Pois em Sargento Getúlio a premissa simples (espécie de jagunço a serviço do coronelismo transporta um prisioneiro de um ponto a outro em Sergipe) como que se abre num despetalar de vozes e consciências que é mais impressionante porque quase unificado na figura-título, narradora da história. Diferente de todos os narradores em primeira pessoa, Getúlio solta seu fluxo de pensamento sem rigidez de estilo, parecendo por vezes uma carta de confissão, um delírio, uma confidência, um desabafo, um manifesto, uma ameaça (poderia continuar indefinidamente). Por meio de uma prosa atabalhoada, define-se o caráter, o histórico e os ideais (e as ações e compromissos) do sargento, de seus colegas e seus conhecidos — inclusive o do "coisa", o "traste", o transportado, a quem Getúlio despreza e chega a lhe deformar o rosto, numa cena de violência impactante (superada por outras). E a política, os desmandos, o jogo dos graúdos (e do "chefe" de Getúlio), o papel da imprensa? Tudo lá.

A violência é, aliás, uma das tônicas do relato. Um falar sujo, forte e definitivo, ainda que atropelado, desordenado e amórfico. Os adjetivos abundam, mas não é um romance de adjetivação. É uma experiência essencialmente sensorial, narrativa oral que em verdade não se parece com a transposição de diálogos mas como um encadeamento estilístico de ideias que só encontram sentido quando se apresentam literariamente.

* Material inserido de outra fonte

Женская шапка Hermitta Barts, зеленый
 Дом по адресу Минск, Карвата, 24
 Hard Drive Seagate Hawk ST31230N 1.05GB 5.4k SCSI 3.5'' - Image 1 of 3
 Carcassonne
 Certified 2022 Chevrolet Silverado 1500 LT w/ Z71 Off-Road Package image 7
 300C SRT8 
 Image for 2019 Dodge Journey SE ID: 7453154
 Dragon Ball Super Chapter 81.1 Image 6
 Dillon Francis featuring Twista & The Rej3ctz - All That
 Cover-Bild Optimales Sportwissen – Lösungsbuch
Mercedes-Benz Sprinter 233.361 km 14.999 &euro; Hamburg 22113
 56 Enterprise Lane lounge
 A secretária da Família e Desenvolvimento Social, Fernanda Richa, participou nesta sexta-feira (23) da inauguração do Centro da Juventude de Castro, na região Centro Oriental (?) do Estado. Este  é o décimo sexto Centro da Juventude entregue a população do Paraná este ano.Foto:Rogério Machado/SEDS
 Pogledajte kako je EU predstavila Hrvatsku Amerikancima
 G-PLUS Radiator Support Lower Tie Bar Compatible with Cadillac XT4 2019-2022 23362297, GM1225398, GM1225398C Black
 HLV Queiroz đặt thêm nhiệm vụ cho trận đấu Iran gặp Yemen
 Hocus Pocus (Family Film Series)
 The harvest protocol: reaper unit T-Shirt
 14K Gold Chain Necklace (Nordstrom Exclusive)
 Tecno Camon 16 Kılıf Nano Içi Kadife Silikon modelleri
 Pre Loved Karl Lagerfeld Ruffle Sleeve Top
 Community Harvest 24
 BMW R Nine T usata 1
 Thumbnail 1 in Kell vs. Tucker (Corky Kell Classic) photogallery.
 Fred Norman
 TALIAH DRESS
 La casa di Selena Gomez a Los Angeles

Mas é bom de imaginar os sons que surgem das linhas, e bom ler em voz alta o máximo que se puder extrair dos oito capítulos do pequeno romance — o fluxo ininterrupto dos monólogos contraditórios de Getúlio, começando por um primeiro parágrafo de quase duas dezenas de páginas!

É difícil falar de uma obra como essa sem parecer omisso ou necessariamente desnecessário. Pois seu vigor não está em nada posterior a ela, como análises e críticas, mas em suas páginas e na construção brilhante que João Ubaldo Ribeiro desenvolve a partir da insistência, do esforço e da paciência. Até que tudo parece fazer sentido, mesmo que não o tenha (e é preciso?). As formas quebradas, os engasgos, as interrupções, os caminhos tortuosos levam, afinal, à verdade. A verdade do romance, da vida. (É difícil não querer fazer poesia após ler um tal poema em prosa).

O livro teve grande e merecida repercussão, com entusiasmados elogios de Erico Verissimo, Jorge Amado, Fernando Sabino, prêmios e mais prêmios, comparações a Guimarães Rosa e a Graciliano Ramos e traduções em várias línguas (sendo a tradução em inglês feita pelo próprio autor). Houve edições sucessivas (a minha é a décima, de 1989) e até uma adaptação para o cinema, com roteiro co-escrito pelo romancista, que posto a seguir, junto a uma de suas entrevistas mais recentes (Sargento Getúlio é referenciado em vários momentos). Mas de que tudo isso se não para o livro? É ele que interessa, e espera-se que Getúlio, com sua verborragia, com seus causos e sua macheza, seu orgulho e seus princípios, seus arroubos e paixões, ainda faça muitas viagens em sua curta mas eterna jornada literária.